Drive My Car, der neue Film von Ryūsuke Hamaguchi, zeigt viele Zusammenkünfte von Menschen, in denen sich das Komische und das Tragische überschlagen. Hinter einer Sache, die auf den ersten Blick leicht zu klären scheint, versteckt sich ein komplexer Körper aus unausgesprochenen Gefühlen, die sich mit Erwartungen und Erfahrungen mischen. Für Yūsuke ist die Autofahrt mit den roten Wagen, der in jeder Szene belebend aus der Umgebung heraussticht, ein Augenblick der Reflexion und Wiederholung. Er hört Audioaufnahmen seiner Bühnenstücke an, die von seiner toten Frau eingesprochen wurden.
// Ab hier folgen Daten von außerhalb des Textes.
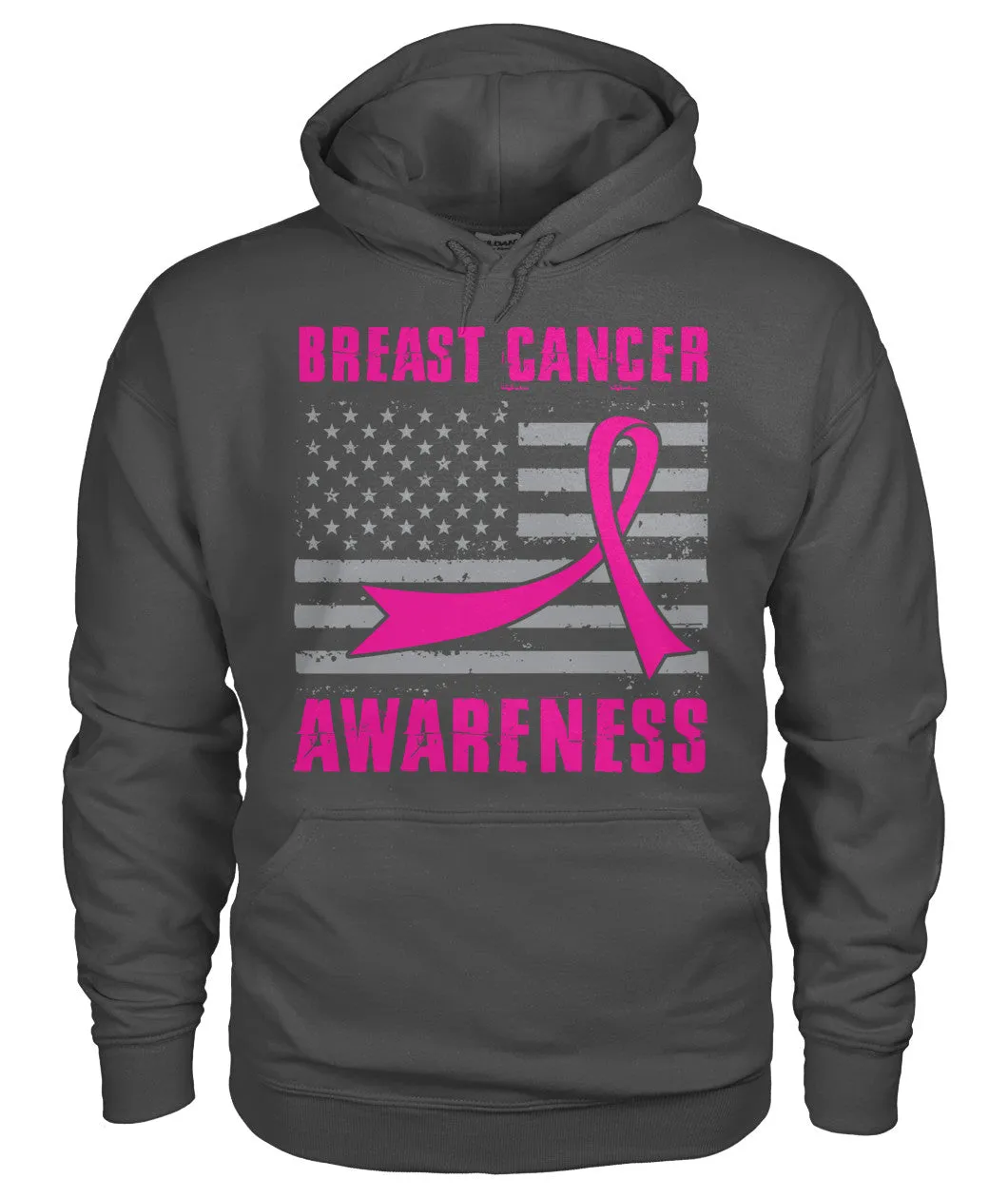 American Flag Breast Cancer Awareness Hoodies and Sweatshirts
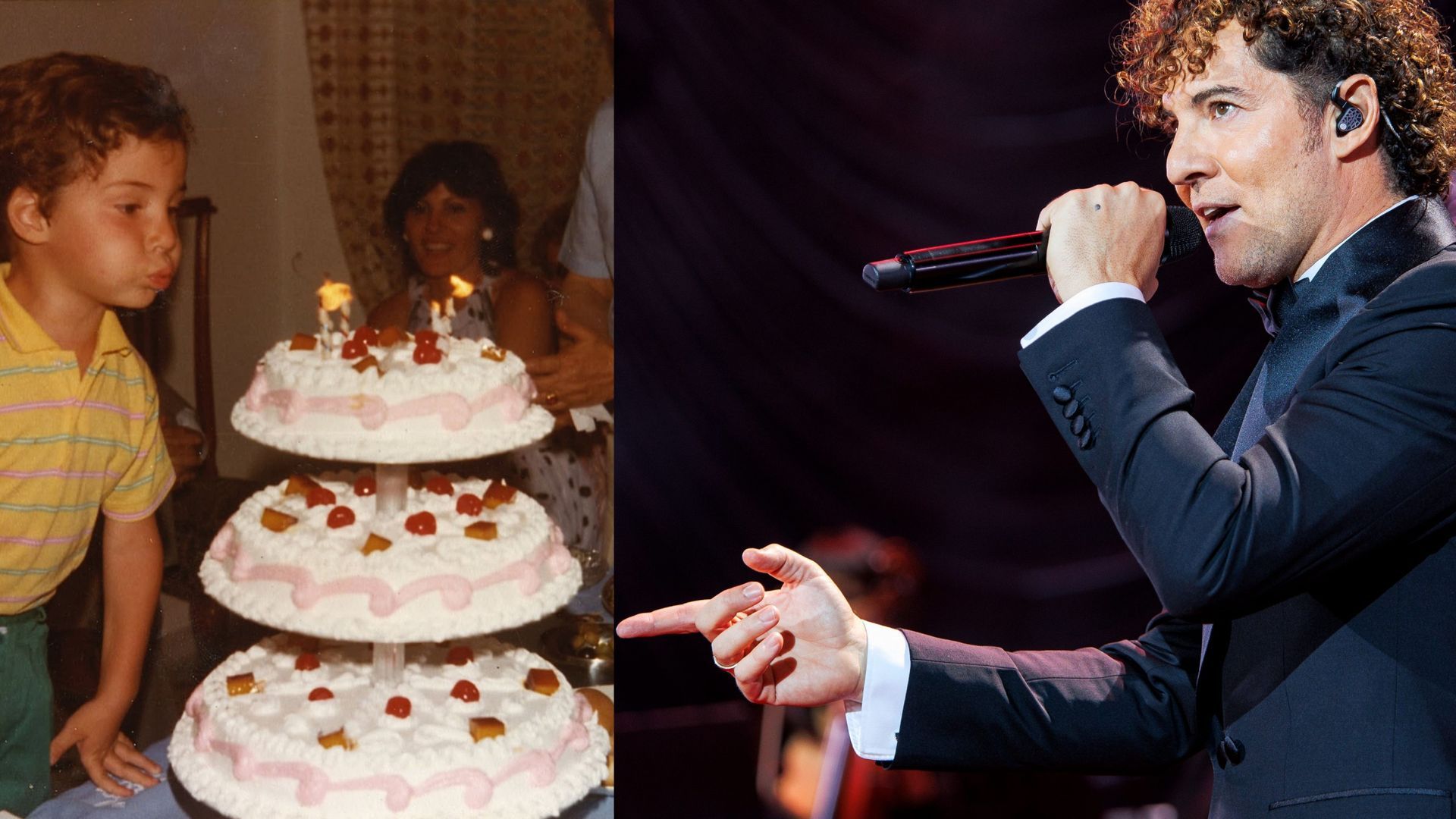 Fotomontaje con David Bisbal de niño soplando las velas y, a la derecha, en un concierto reciente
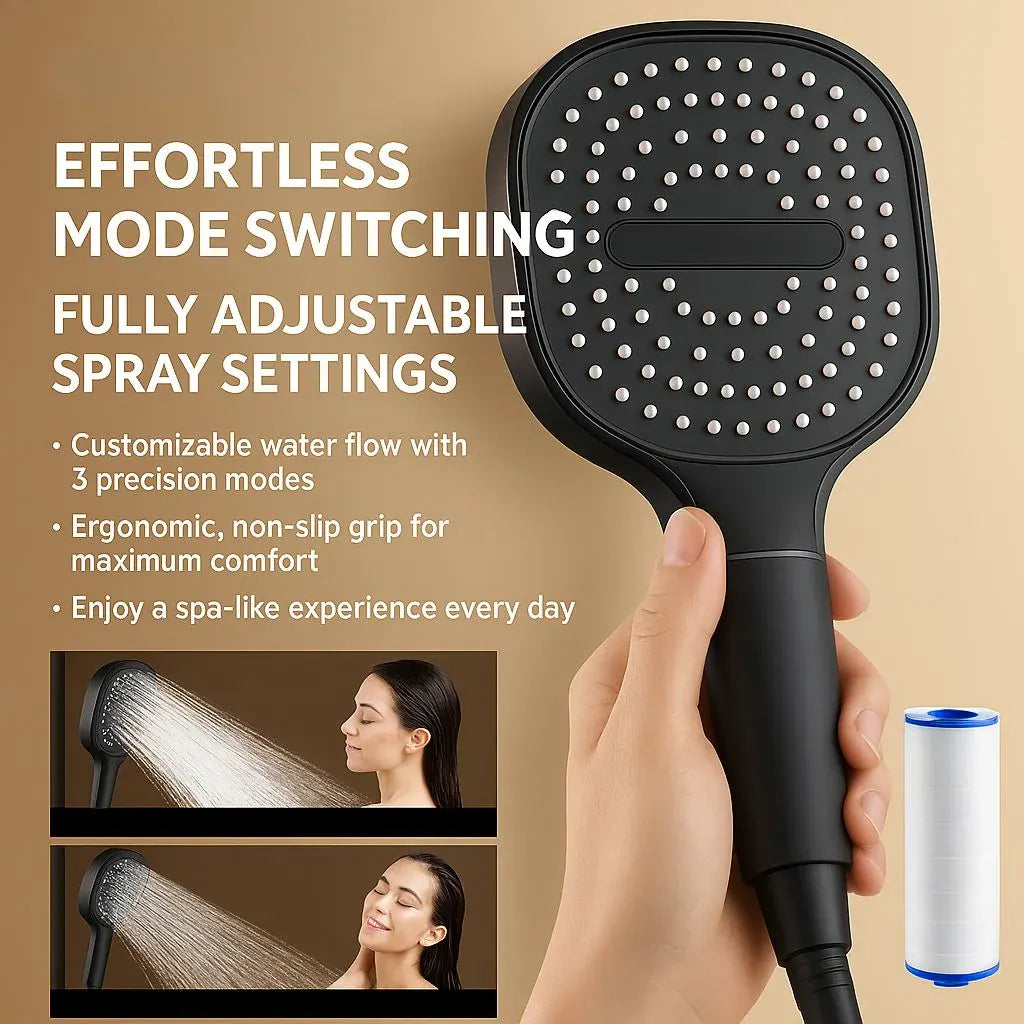 Adjustable Turbo Boost Filtered High-Pressure Showerhead with Spray Settings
Im Moment der Fortbewegung bleibt er stehen.

Bewegung und Stillstand sind zwei zentrale Säulen, auf denen Hamaguchi sein jüngstes Werk aufbaut. Die Verfilmung der gleichnamigen Kurzgeschichte von Haruki Murakami, die 2014 in der Sammlung Men Without Women veröffentlicht wurde, nimmt sich viel Zeit, um die verschlossenen Figuren zu erforschen. Aus den rund 30 Seiten, die Murakamis Vorlage umfasst, entsteht ein dreistündiger Film – episch in seinem Ausmaß und trotzdem unglaublich intim. Auf die aufwühlenden Gefühle, die unter der Oberfläche brodeln, trifft eine ruhige, behutsame Inszenierung. Hamaguchi ist sich jeder Regung seines Films bewusst und transportiert sie in schlichten Bildern.

Drive My Car eröffnet Raum zur Beobachtung und wirkt anfangs sehr dokumentarisch. Damit einhergeht eine gewisse Distanz zu den Ereignissen. Schon bald bewegt sich Hamaguchi aber auf einer poetischen Ebene und gewährt Einblick in Zwischenräume, die zwischen Worten, Bildern und Musik entstehen. Auf der Suche nach Antworten auf die vielen Rätsel, die der Verlust eines geliebten Menschen mit sich bringt, verwandelt sich Drive My Car in einen träumerischen Film, in dem man sich nur verlieren kann. Nach dem ähnlich einnehmenden Burning erobert damit innerhalb weniger Jahre bereits die zweite herausragende Murakami-Verfilmung die große Leinwand.